In Nature, neuroscientist Mo Costandi has a nice profile (the title of which I have stolen for my own subheading here) of UC Irvine psychologist and law prof Elizabeth Loftus., whose work as both a scholar and an expert witness has focused on the frailties of human memory and the phenomenon of false memories.
From Mo's article:
In a career spanning four decades, Loftus...has done more than any other researcher to document the unreliability of memory in experimental settings. And she has used what she has learned to testify as an expert witness in hundreds of criminal cases...[,] informing juries that memories are pliable and that eyewitness accounts are far from perfect recordings of actual events.
Her work has earned her plaudits from her peers, but it has also made her enemies. Critics charge that in her zeal to challenge the veracity of memory, Loftus has harmed victims and aided murderers and rapists. She has been sued and assaulted, and has even received death threats. “I went to a shooting range to learn how to shoot,” she says, noting that she keeps a few used targets in her office as a point of pride.
The Not-So-Tragic Tragedy of the Commons
"Undercover Economist" Tim Harford has an interesting back story, of sorts, on Garrett Hardin's famous Tragedy of the Commons and the push-back to that theory from political scientist/development economist Elinor "Lin" Ostrom. Among Harford's interesting observations is that Hardin and Ostrom were very different kinds of academics: they had different goals (Hardin, Harford says, "wanted to change the world; Ostrom merely wanted to describe it") and different methods (top-down principles-driven analysis and bottom-up case-driven analysis, respectively).
From Harford's article:
Hardin’s analysis looks prescient when applied to our habit of pumping carbon dioxide into the atmosphere or overfishing the oceans. But the existence of clear counter-examples should make us hesitate before accepting Hardin’s argument that tragedy is unstoppable. Lin Ostrom knew that there was nothing inevitable about the self-destruction of “common pool resources”, as economists call them. The tragedy of the commons wasn’t a tragedy at all. It was a problem – and problems have solutions.If Garrett Hardin and Lin Ostrom had reached different conclusions about the commons, perhaps that was because their entire approaches to academic research were different. Hardin wanted to change the world; Ostrom merely wanted to describe it.
That goal of description, though, was a vast project. . . . By their very nature, [common pool resources] are messy to describe and hard to compare with each other. Unfortunately for any tidy-minded social scientist, they are also everywhere.

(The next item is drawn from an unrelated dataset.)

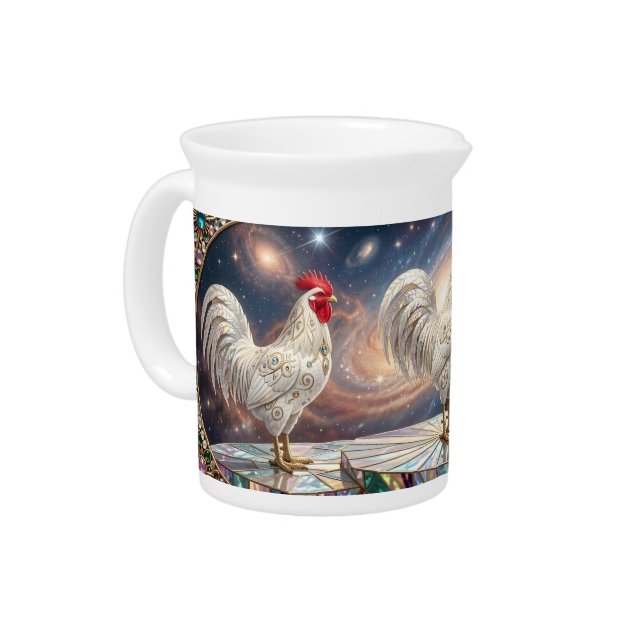 Three white roosters. beverage pitcher (Left)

Complicating the problem further was the narrow focus of academic specialities. ...[T]they were divided by discipline, by region and by subject: the sociologists didn’t talk to the economists; the India specialists didn’t talk to the Africanists; and the fishery experts didn’t know anything about forestry. As Ostrom and her colleagues at the University of Indiana looked into the problem they discovered more than a thousand separate case studies, each sitting in isolation.
Harford’s piece on Ostrom and Hardin is really interesting. I must be getting old, because it seems like just yesterday she won the Nobel prize – can’t believe it was actually 2009.
Posted by: Kim Krawiec | September 01, 2013 at 11:10 AM
I'm really frustrated with this oblique description of Hardin's writing. Why not tell people how he wanted to change the world?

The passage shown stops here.